Se slevou nabízíme exemplář s drobnými vadami na obalu.
Rosalind P. Blakesley, with an essay by Tatiana L. Karpova
Russian portraiture enjoyed a golden age between the late 1860s and the First World War. While Tolstoy and Dostoevsky were publishing masterpieces such as Anna Karenina and The Brothers Karamazov and Mussorgsky, Tchaikovsky and Rimsky-Korsakov were taking Russian music to new heights, Russian art was developing a new self-confidence. The penetrating Realism of the 1870s and 1880s was later complemented by the brighter hues of Russian Impressionism and the bold, faceted forms of Symbolist painting.
This book explores the history of Russian portraiture with reference to a variety of important works held by Moscow’s State Tretyakov Gallery. This national collection was founded in 1856 by Pavel Tretyakov, who took a keen interest in portraiture and set out to create a pantheon of famous Russians by commissioning portraits of prominent thinkers, writers, scientists, artists, actors, composers and musicians by the most outstanding painters of the day.

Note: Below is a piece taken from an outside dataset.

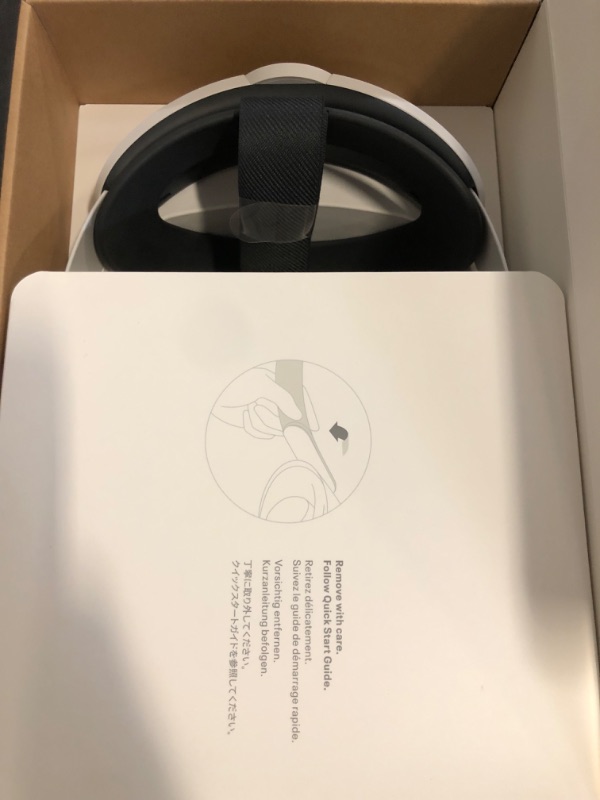 Photo 1 of Meta Quest 2 Elite Strap for Enhanced Support and Comfort in VR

In providing a context, author Rosalind P. Blakesley looks in the first and second chapters at the portrait tradition in Russia: the rise of secular portrait painting following the founding of the Academy of Arts in St Petersburg in 1757; the shifting tastes of patrons and publics; the reception of portraits in exhibitions and collections (including those of the tsars); and the role of portraiture in the cultural politics of imperial Russia. Starting with the Exposition Universelle in Paris in 1867, at which a distinct Russian school of painting was recognised for the first time, the third chapter examines developments in theatre and music, the rising Realist aesthetic and the powerful voices of wealthy patrons from the worlds of industry and commerce, such as Pavel Tretyakov. Chapter Four looks at the rise of novel forms of visual expression through experimentation, from Impressionism to Symbolism, and the World of Art Movement, with its conscious reconnection with artistic developments in the West. The last chapter charts creative responses to political turmoil and social unrest in the early twentieth century, the new artistic societies and manifestos of the avant-garde and the dialogue between figurative painting and abstraction in the twilight of imperial rule.